- Given data -

* * * * *

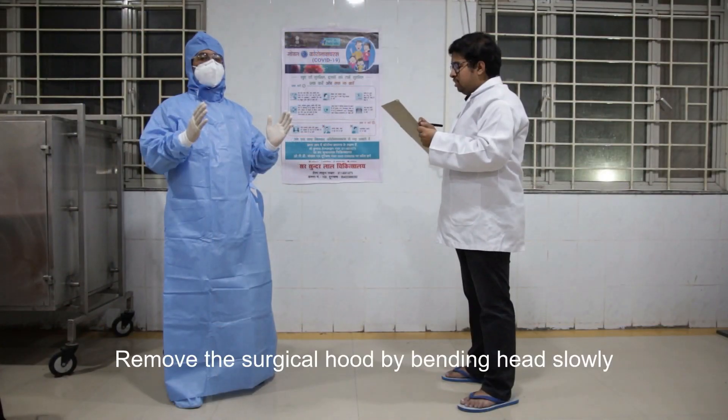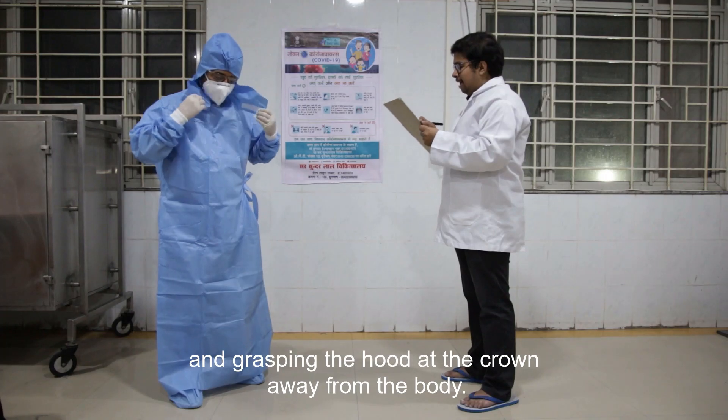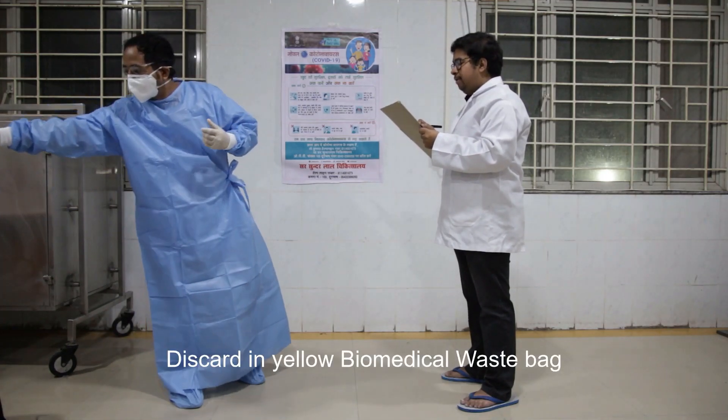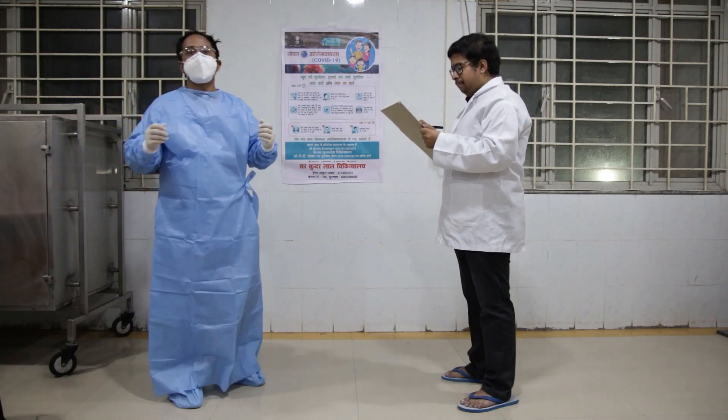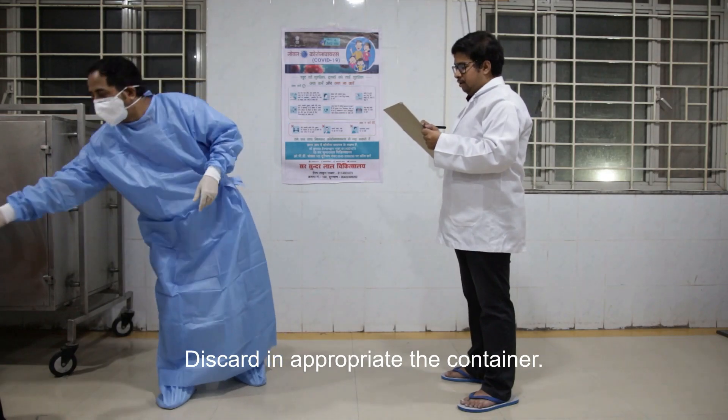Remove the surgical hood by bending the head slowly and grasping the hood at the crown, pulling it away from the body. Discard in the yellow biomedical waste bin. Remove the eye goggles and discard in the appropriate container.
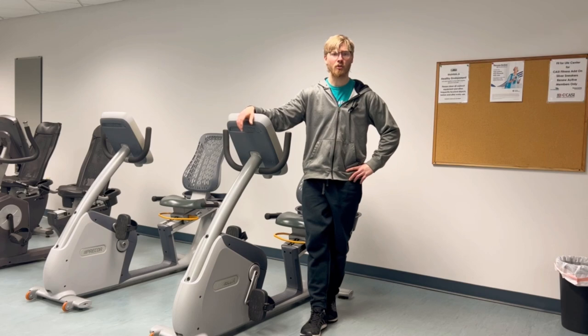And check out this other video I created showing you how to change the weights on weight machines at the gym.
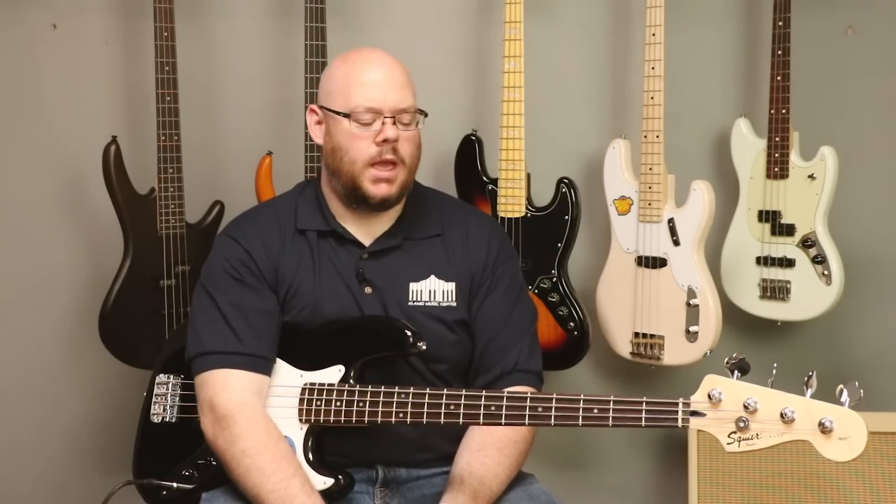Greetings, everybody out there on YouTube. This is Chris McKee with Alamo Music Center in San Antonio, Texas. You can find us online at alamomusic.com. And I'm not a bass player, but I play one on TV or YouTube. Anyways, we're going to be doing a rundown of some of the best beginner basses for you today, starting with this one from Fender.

* * * * *

Only the pictures are dropped. Otherwise, write out the listing exactly.

- Result for this exercise -
Remove the surgical hood by bending the head slowly and grasping the hood at the crown, pulling it away from the body. Discard in the yellow biomedical waste bin. Remove the eye goggles and discard in the appropriate container.
And check out this other video I created showing you how to change the weights on weight machines at the gym.
Greetings, everybody out there on YouTube. This is Chris McKee with Alamo Music Center in San Antonio, Texas. You can find us online at alamomusic.com. And I'm not a bass player, but I play one on TV or YouTube. Anyways, we're going to be doing a rundown of some of the best beginner basses for you today, starting with this one from Fender.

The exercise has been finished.